I just want to play a little bit of your "TED" talk this past year and you describe what happened when you opened the floor to questions. Let me just
play this.
(BEGIN VIDEO CLIP)
HAYHOE: I ended my talk with a hopeful request for any questions and one hand shot operate away. I looked encouraging, he stood up. In a loud
voice he said, "You're a Democrat, aren't you?" "No," I said, "I'm Canadian."
(END VIDEO CLIP)
AMANPOUR: Well, that's a great line. And you've also said that a thermometer is neither liberal nor conservative. So, tell me how you are
tackling this highly politicized, highly ideological battle over whether humans are responsible for this climate change.
HAYHOE: I have a conversation just about every day with someone who rejects the science of climate change. And when they do so, they typically
throw up what I think of as sciency (ph) sounding myths. It's just a natural cycle they say or, "You scientists are just making this up to line
your pockets," or sometimes they throw up religiousy (ph) sounding myths. If God's in control, this could never happen or the earth is going to end
anyways.
But if we let people talk more than about 30 seconds, immediately the conversation will take a right turn into, "I don't want a price on carbon.
I've heard that fixing climate change will destroy the economy. I wouldn't be able to drive my truck any more if we have limits on carbon." Just
about all of the objections that I have heard, the genuine objections to acting on climate have everything to do with solution aversion.
[13:30:00]
The fact that we fear the solutions more than we fear the impacts. We think the solutions will destroy our way of life and lead to a much lower
quality of life than we enjoy today, whereas we view the impacts as very distant and far off, they don't really matter to us.
So to address this, I have to do two things that are very uncomfortable for a scientist to do. The first thing is rather than engaging with people
from the head as we often do with data and facts and charts and figures; I have to engage with people from the heart, sharing with them from my heart
why I care.
Why this matters to me and to people that I care about and love. And then the second thing I have to do is something that we scientist are not
trained to do and that's why we need everybody on board helping with this, we have to talk solutions.
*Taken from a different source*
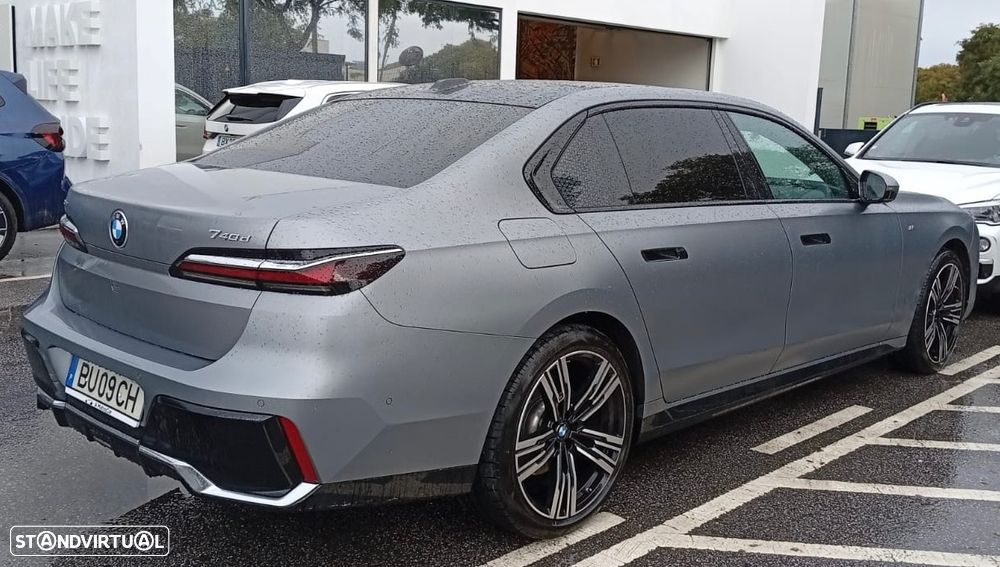 BMW 740 d xDrive Pack Desportivo M - 2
And so I love talking about examples of where companies like a solar panel manufacturer in San Antonio took in oil patch (ph) workers who lost their
jobs when oil prices dropped and retrain them to do solar panel manufacturing.
Or the fact that a Chinese company went into Wyoming and trained coal miners in Wyoming to do wind energy installations. We need to think to the
future and people who work very hard, like coal miners, deserve the opportunity to continue to contribute to the new clean energy economy.
AMANPOUR: Much of the back lash, as you've just described, also includes sort of a faith based backlash. Can you explain to us how you explain to
your faith based community that you can have faith and be a committed Christian and also being really rigorous atmospheric scientist as you are?
HAYHOE: So when people say, you know God's in control so humans can't affect the planet, I point them to Genesis One where it says that God gave
us, humans, responsibility over every living thing on this planet.
And when they say that oh, humans can't affect something as big as this planet. I say well let's look at Revelation where it says God will destroy
those who destroy the earth. And then when they say well, the world's going to end anyways, I point them to Thessalonians where people back then
were saying oh, you know the world's going to end any day.
So we don't have to work anymore. We can just kind of sit back and relax and wait for Christ to return and the Apostle Paul wrote to them. And the
Apostle Paul was, you know, a little salty at times and he said get a job. Support your family. Care for the orphans and the widows and the poor.
We don't know what the future holds but we do know that right here, right now; we are called to love others as we ourselves have been loved by God.
AMANPOUR: So, you know, why then do you think what is the root of in many parts of the Christian community in the United States, you know, people are
encouraged to believe the opposite of what you're saying. Why is that?
HAYHOE: The reason is because we have confused our politics with our religion. For many people, unfortunately, in the United States today,
they're statement of faith is written first by their political ideology and only second by the Bible.
And when the two come into conflict as unfortunately they often do these days, they will go with their political ideology over their faith.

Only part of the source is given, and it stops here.